= David, Bishop of the Kurds =

Monk, bishop and historian in the 7th or 8th century

David (ܕܘܝܕ ܕܟܪ̈ܬܘܝܐ) was a monk, bishop and historian of the Church of the East in the 7th or 8th century.

Originally a monk of Beth Abe, he later became the bishop of the Kurdish tribes in the region of Kartaw. This region was located in Upper Mesopotamia, in the north of Adiabene, west of the Lower Zab and north of Erbil. He was writing no earlier than the reign of Hnanisho I, patriarch of the Church of the East from 686 to 698.

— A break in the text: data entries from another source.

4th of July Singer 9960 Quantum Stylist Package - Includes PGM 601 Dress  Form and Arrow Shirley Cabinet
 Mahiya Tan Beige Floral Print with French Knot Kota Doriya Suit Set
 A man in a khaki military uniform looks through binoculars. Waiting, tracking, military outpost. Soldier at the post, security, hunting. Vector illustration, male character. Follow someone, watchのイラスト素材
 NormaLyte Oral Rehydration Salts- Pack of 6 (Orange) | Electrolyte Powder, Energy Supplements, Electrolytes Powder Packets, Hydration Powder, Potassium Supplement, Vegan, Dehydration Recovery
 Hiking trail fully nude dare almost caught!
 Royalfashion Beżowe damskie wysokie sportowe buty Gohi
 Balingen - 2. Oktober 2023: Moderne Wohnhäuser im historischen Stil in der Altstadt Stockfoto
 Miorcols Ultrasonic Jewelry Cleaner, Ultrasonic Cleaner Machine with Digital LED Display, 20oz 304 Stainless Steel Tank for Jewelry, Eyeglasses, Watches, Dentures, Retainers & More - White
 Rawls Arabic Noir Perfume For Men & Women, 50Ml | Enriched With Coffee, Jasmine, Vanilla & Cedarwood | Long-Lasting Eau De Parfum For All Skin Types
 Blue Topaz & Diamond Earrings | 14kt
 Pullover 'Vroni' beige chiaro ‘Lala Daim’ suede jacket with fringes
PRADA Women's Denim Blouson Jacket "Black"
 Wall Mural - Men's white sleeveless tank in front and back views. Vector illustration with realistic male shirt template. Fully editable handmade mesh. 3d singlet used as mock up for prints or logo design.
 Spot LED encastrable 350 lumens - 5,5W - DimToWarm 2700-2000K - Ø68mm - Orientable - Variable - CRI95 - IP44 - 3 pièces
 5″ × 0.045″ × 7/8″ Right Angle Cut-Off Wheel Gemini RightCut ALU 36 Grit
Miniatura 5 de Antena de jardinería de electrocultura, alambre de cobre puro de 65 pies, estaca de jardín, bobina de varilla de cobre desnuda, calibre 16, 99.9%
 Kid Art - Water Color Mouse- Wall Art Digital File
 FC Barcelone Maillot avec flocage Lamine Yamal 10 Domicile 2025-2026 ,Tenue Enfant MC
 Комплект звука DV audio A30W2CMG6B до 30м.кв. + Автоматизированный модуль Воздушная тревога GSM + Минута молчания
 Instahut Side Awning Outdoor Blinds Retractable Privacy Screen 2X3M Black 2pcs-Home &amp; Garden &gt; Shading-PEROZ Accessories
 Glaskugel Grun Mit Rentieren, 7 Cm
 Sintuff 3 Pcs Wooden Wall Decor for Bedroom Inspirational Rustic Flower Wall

David wrote in Syriac a work known as the Little Paradise (Pardīsā zʿūrā) to distinguish it from the Paradise of the Fathers of Palladius of Galatia and the Paradise of the Orientals of Joseph Hazzaya. It is presumed lost. According to Thomas of Marga in chapter XXI of his Book of Governors, David wrote at the request of a Persian nobleman named Khuznahir, a Christian from Bashosh (near Shalmash). The Little Paradise was a series of "histories" of Mesopotamian ascetics beginning with George bar Sayyadhe, who was the ninth abbot of Beth Abe in 590. It certainly also contained biographies of the next four abbots of Beth Abe: George's brother and successor, Sama of Neshra; Nathaniel; Selibha the Aramaean; and Gabriel, called the Little Sparrow, who flourished in the late seventh century. It does not appear to have been an extensive work, more probably having a "bite-size, compilatory structure." It was probably conceived as a companion volume to Enanisho's Syriac edition of Palladius. Thomas of Marga cites it in his chapter XXIV concerning a famine that took place during the youth of John of Daylam. David's work is also cited in the metrical history of Beth Qoqa by John bar Zobi.

Several modern authors identify the David who was bishop of the Kurds and author of the Little Paradise with David of Beth Rabban, who was active during the reign of Timothy I (780–823). Carl Anton Baumstark and Sebastian Brock, however, clearly distinguish the two.